_Try it_
In the listing below, find the line with "shuang qing Bathroom" and copy every line from there up to and including the line with "Pacsun White Corduroy", exactly and without pictures.

_Materials provided_
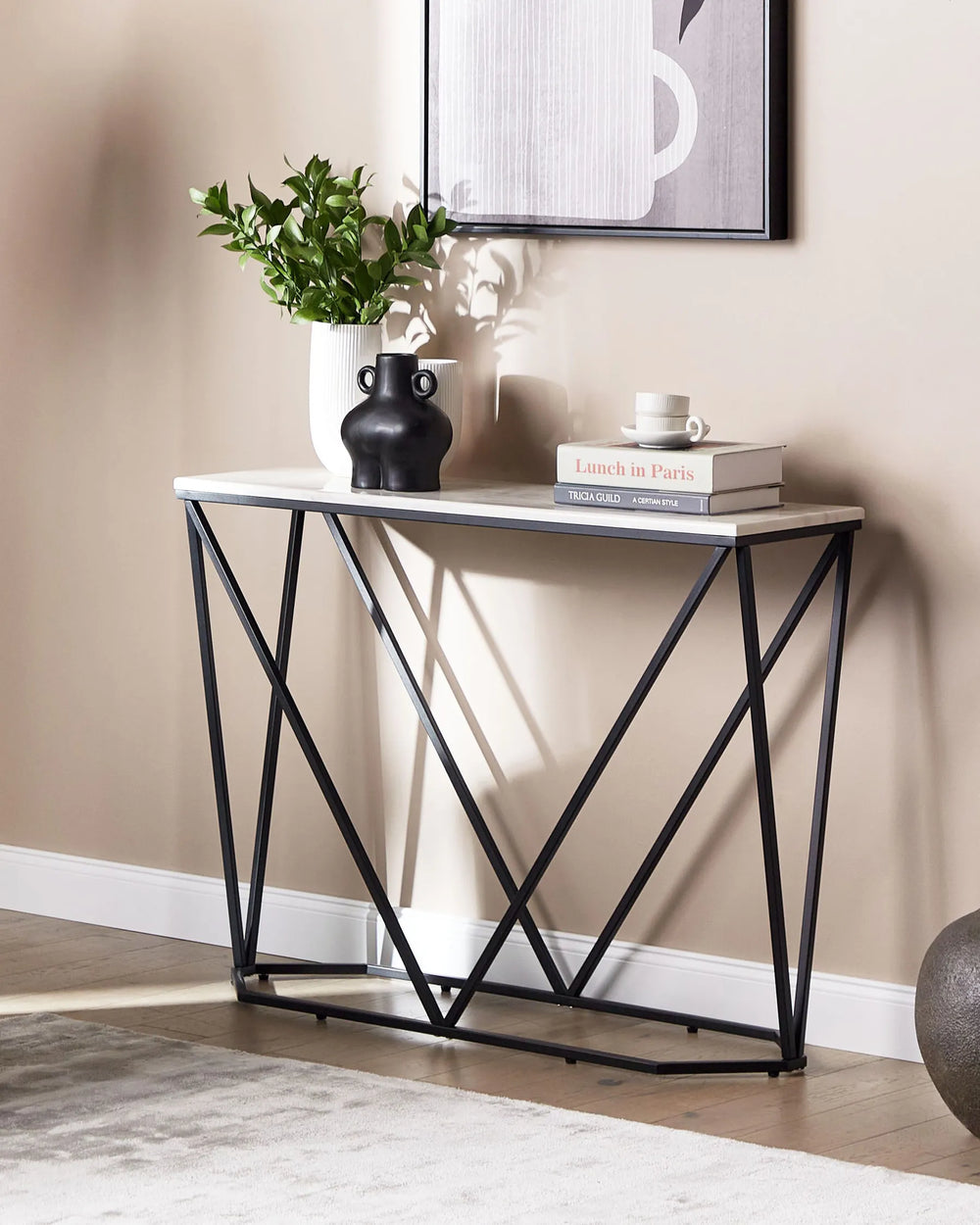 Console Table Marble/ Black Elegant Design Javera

--

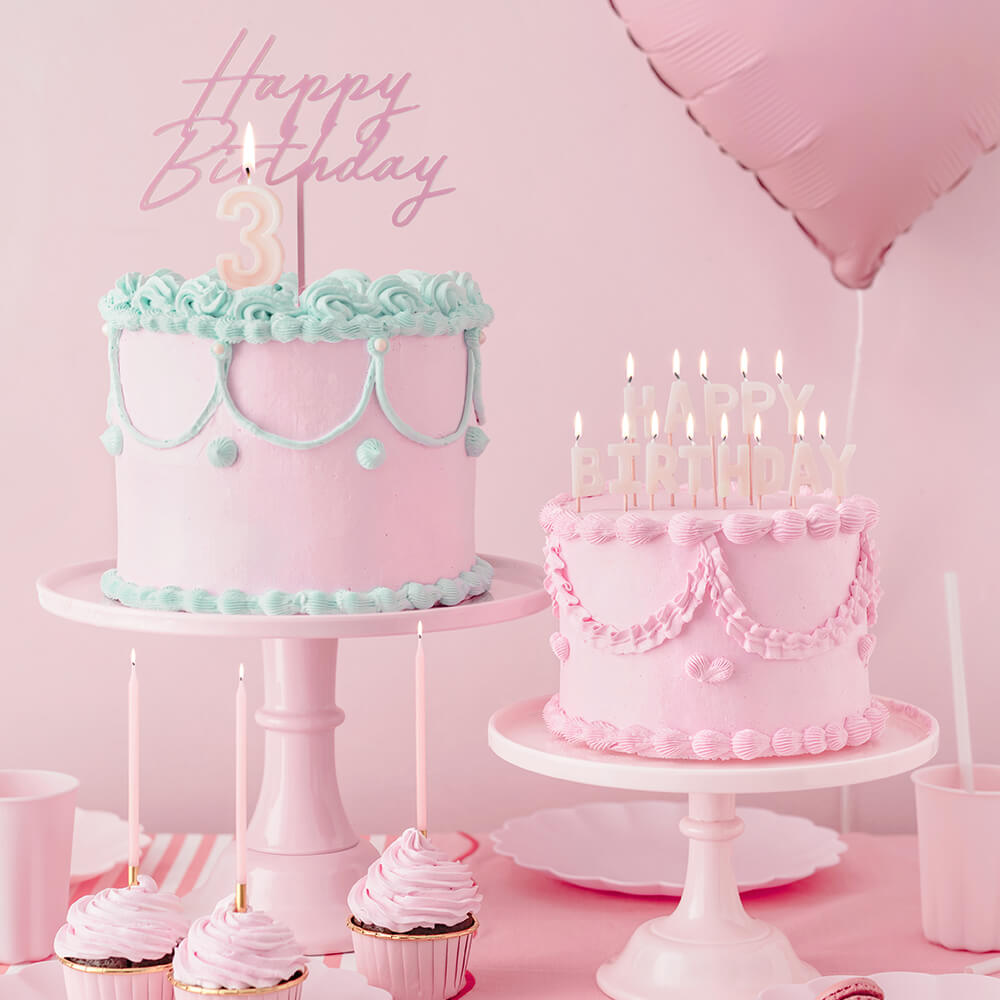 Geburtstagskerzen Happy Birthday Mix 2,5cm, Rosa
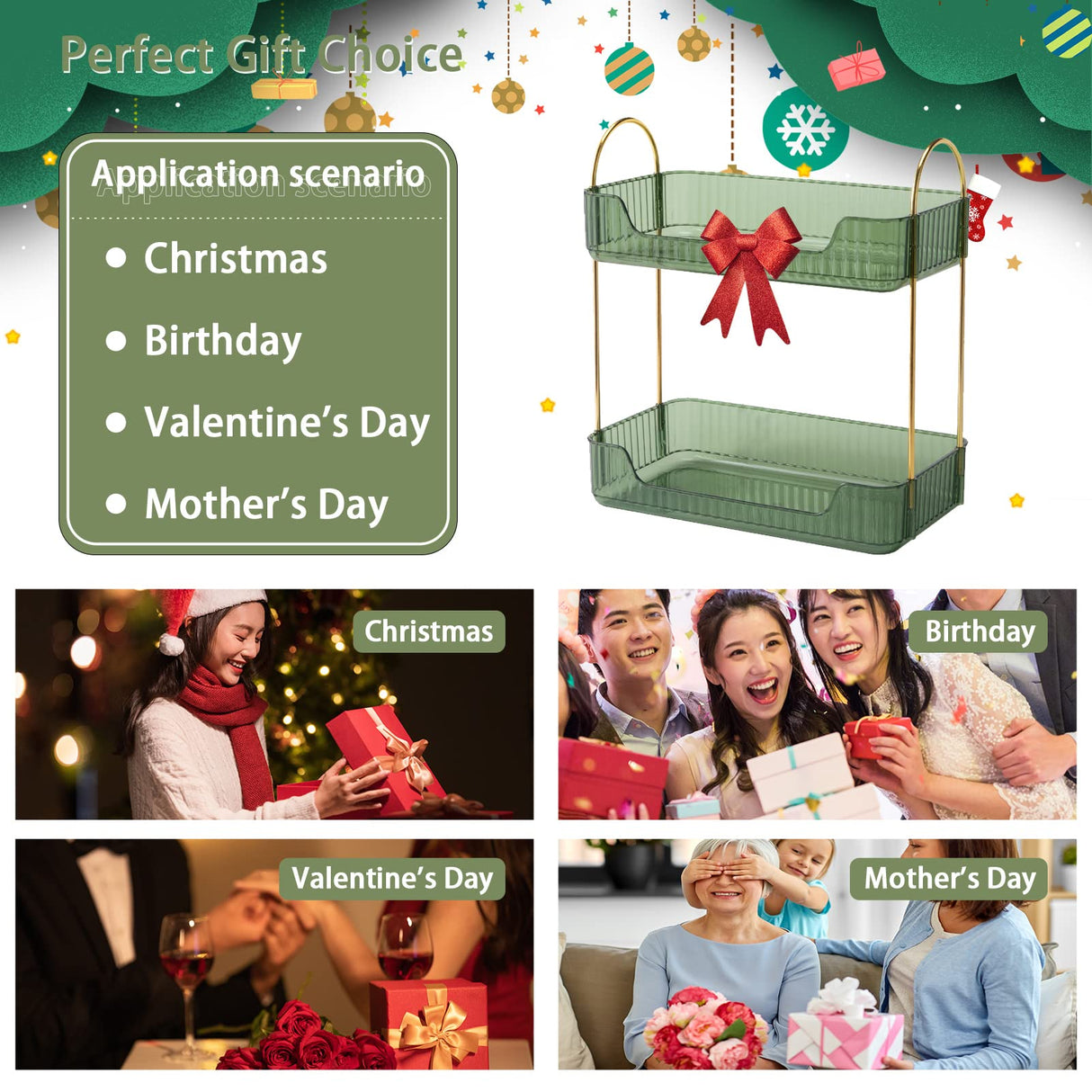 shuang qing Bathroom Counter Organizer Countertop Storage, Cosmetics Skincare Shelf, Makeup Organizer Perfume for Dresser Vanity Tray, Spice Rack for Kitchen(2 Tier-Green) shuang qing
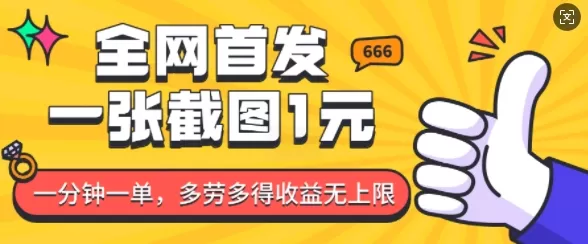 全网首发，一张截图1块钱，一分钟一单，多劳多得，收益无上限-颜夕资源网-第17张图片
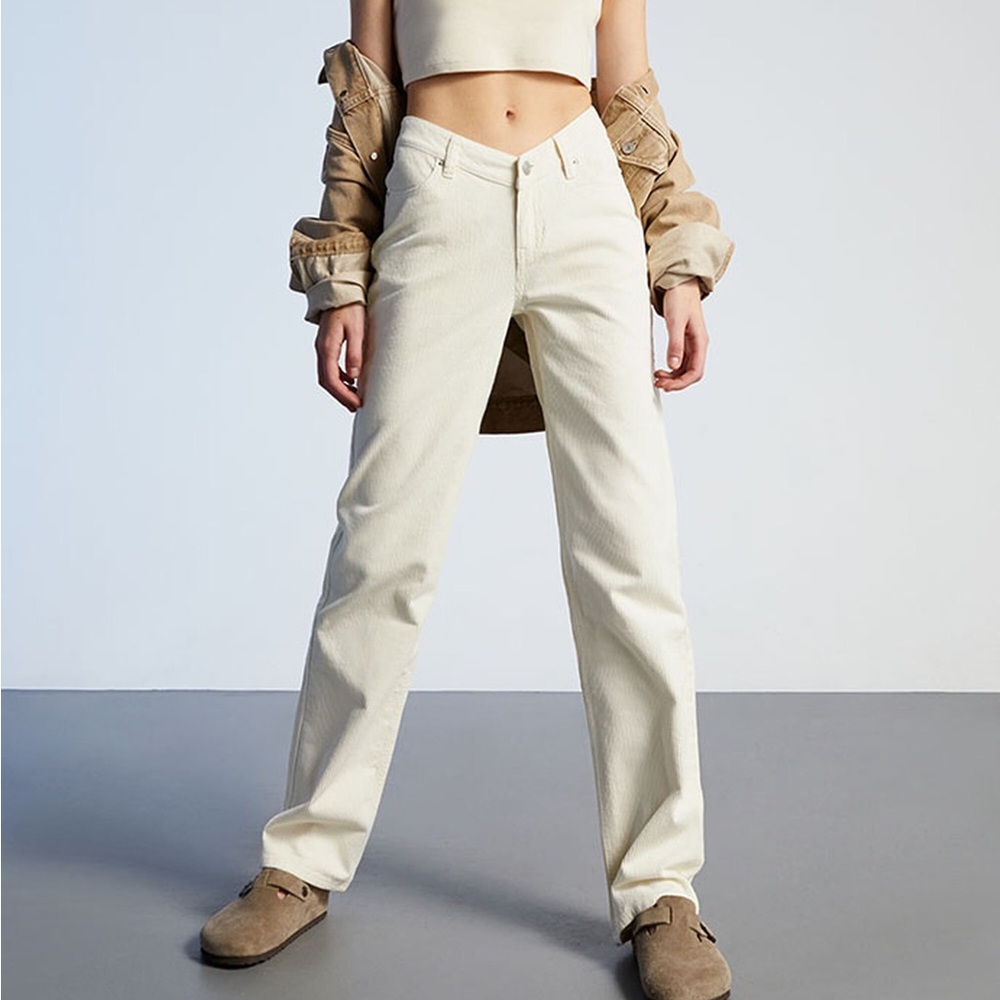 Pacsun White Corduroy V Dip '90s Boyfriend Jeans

_Answer to the exercise_
 shuang qing Bathroom Counter Organizer Countertop Storage, Cosmetics Skincare Shelf, Makeup Organizer Perfume for Dresser Vanity Tray, Spice Rack for Kitchen(2 Tier-Green) shuang qing
 全网首发，一张截图1块钱，一分钟一单，多劳多得，收益无上限-颜夕资源网-第17张图片
 Pacsun White Corduroy V Dip '90s Boyfriend Jeans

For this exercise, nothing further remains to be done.